Так и встал — мрачный и угрюмый, с неприкаянностью в сердце. Матери моей, Марии Николаевне, стало получше малость, чуть порозовела даже, хотя и пульс не участился, и сердце сильнее не забилось. Но глаза ожили немного. А я бродил из угла в угол мертвый душой и неприкаянный. Потом взял жену, да и поехали мы куда глаза глядят, по Москве колесить. Но только не туда… только не туда! Изъездили мы немало, истоптали ноги, мыкались, мытарились уже оба, ибо заразил я и ее неприкаянностью и унынием. И сами не заметили, по какой-такой кривой, как выбросило нас на Калужскую, прямо через патрули милицейские и армейские, которые просеивали народец еще на станциях метро. Выбрались мы в сияние солнечное, в ярый, озаренный небесным огнем день, в сверканье щитов и касок.

И сказала мне моя Нина Ивановна:

— Будет дело. И сказал ей я:

— Не посмеют.

И поняли мы друг друга.

Это тогда, в первомайский денек, заманили демонстрантов в ловушку, тысяч восемьдесят заманили, да устроили побоище лютое. До того людей забили-затравили, что пришлось тем, жизни спасая, взламывать мостовую булыжную и пускать в ход «оружие пролетариата». Насилу отбились тогда. Но уже 9-го мая, когда вышли четыреста тысяч, огромной живой рекой, с флагами: «Русские идут!», не посмели встать на пути. Видели мы тогда с Ниной Ивановной, как таились по всем дворам и подворотням каратели, как стояли там без числа и счета спецмашины да броневики, видели и противогазы… посреди Москвы, у всех, но не случайно! Орды, орды и орды таились по закоулкам, выжидая знака к расправе над людом московским. Но не посмели. Слишком уж много народу вышло.
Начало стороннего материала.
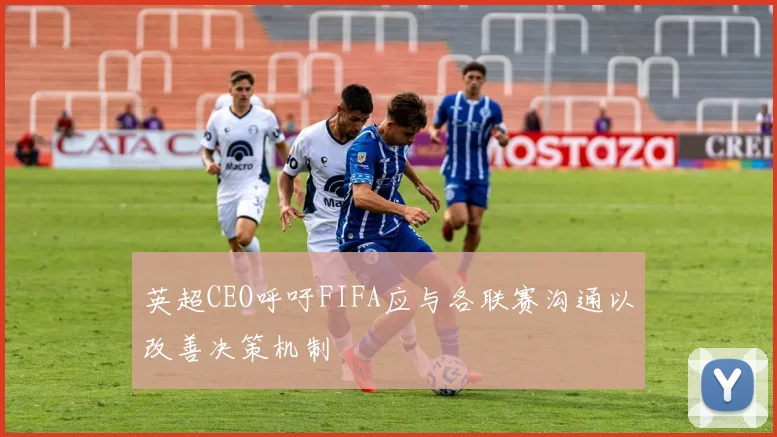 英超CEO呼吁FIFA应与各联赛沟通以改善决策机制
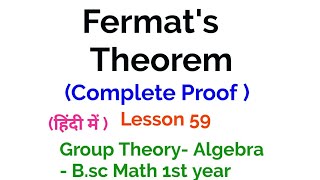 Fermats Theorem  Complete proof  Group Theory  lesson 59 [upl. by Inoek]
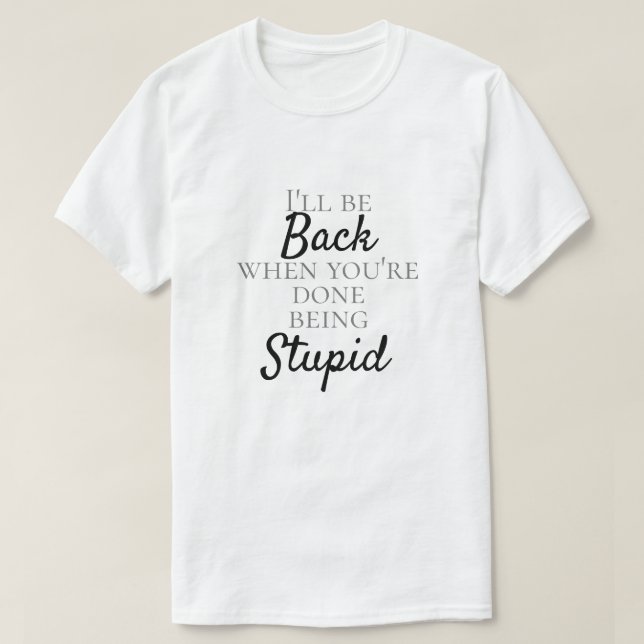 FUNNY "STUPID" T-Shirt (Design vorne)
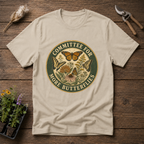 Committee For More Butterflies T-Shirt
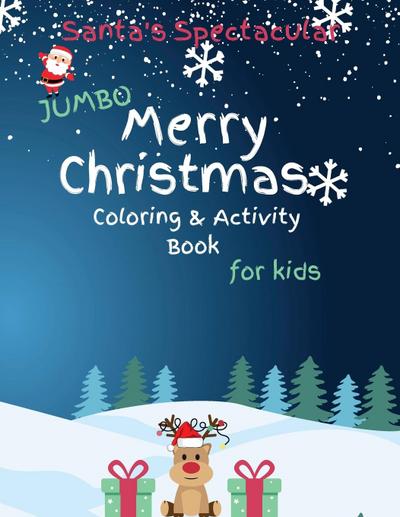 Santa’s Spectacular Jumbo Merry Christmas Coloring and Activity Book for Kids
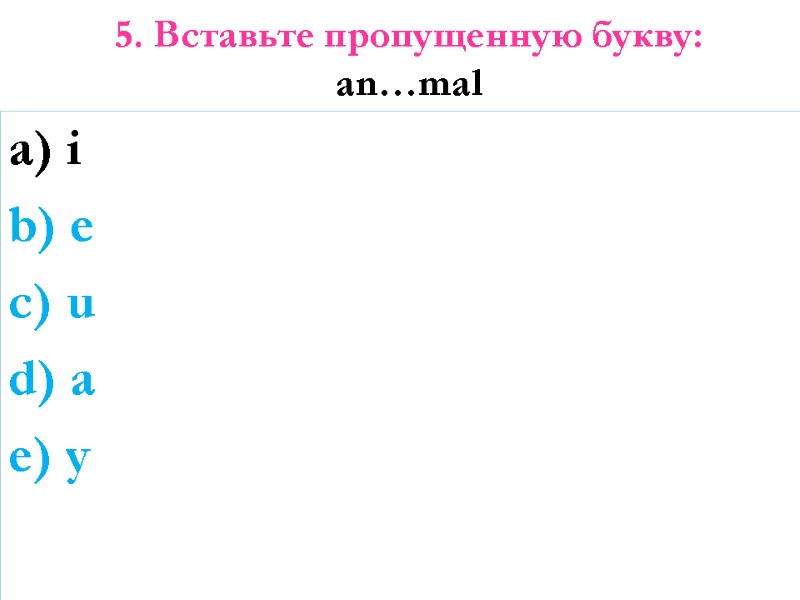 5. Вставьте пропущенную букву:  an…mal a) i b) e c) u d) a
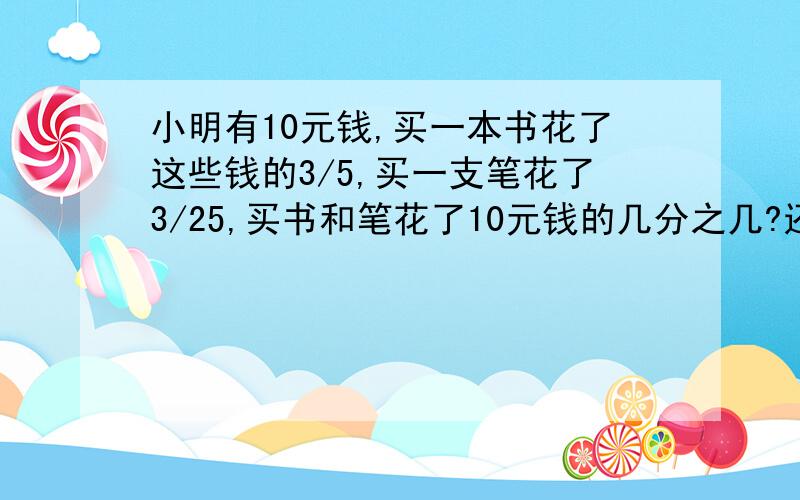 小明有10元钱,买一本书花了这些钱的3/5,买一支笔花了3/25,买书和笔花了10元钱的几分之几?还剩几分之几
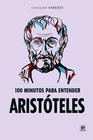 Livro - Coleção saberes - 100 minutos para entender Aristóteles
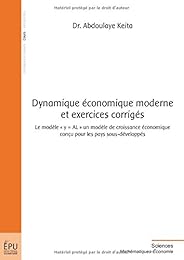 Dynamique économique moderne et exercices corrigés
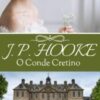 “O Conde Cretino” JP HOOKE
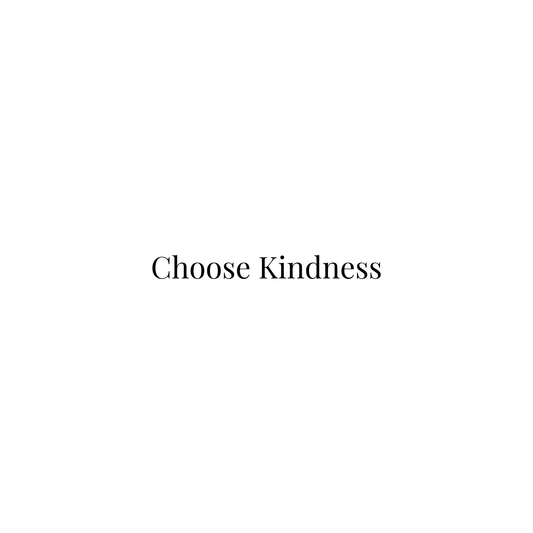 Choose Kindness - PNG & SVG Digital Download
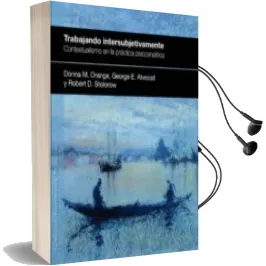 Descargar AudioLibro Trabajando Intersubjetivamente: Contextualismo en la Practica psi Coanalista de Donna M. Orange año 2012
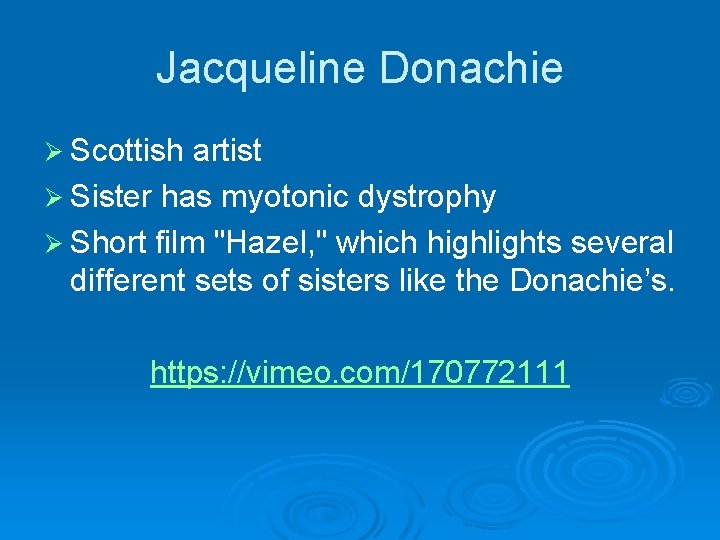 Jacqueline Donachie Ø Scottish artist Ø Sister has myotonic dystrophy Ø Short film "Hazel,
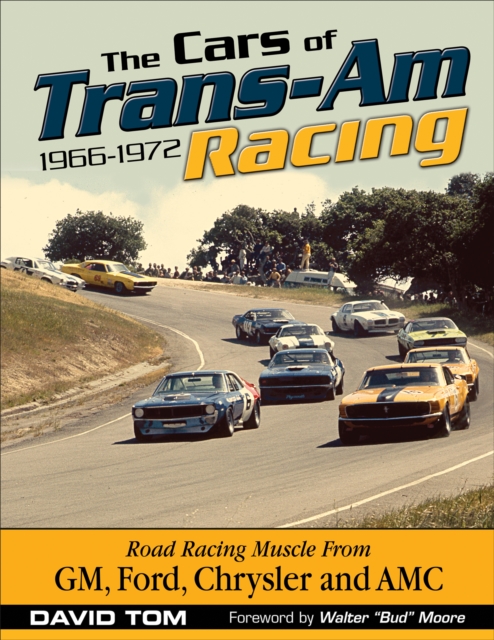 The Cars of Trans-Am Racing: 1966-1972, EPUB eBook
Слишком уж открыто и прямо шли русские люди, не пряча своих боевых наград еще за те, военные победы. Слишком много объективов сияло — на каждом столбе фонарном по пять фотокорреспондентов сидело, из каждого окна по Тверской камеры торчали — ждали крови, ждали боя. Но не посмели тогда, в святой день, поднять руку на ветеранов Победы, побоялись, видно, что встанет Россия и сметет колониальную администрацию — ведь хуже горькой редьки надоели всем демократы, само словечко-то непотребное «демократия» в грязное ругательство превратилось и произносилось в люде российском не иначе как «дерьмократия», да еще с добавлениями: «хреновая, поганая, долбанная» и похлеще.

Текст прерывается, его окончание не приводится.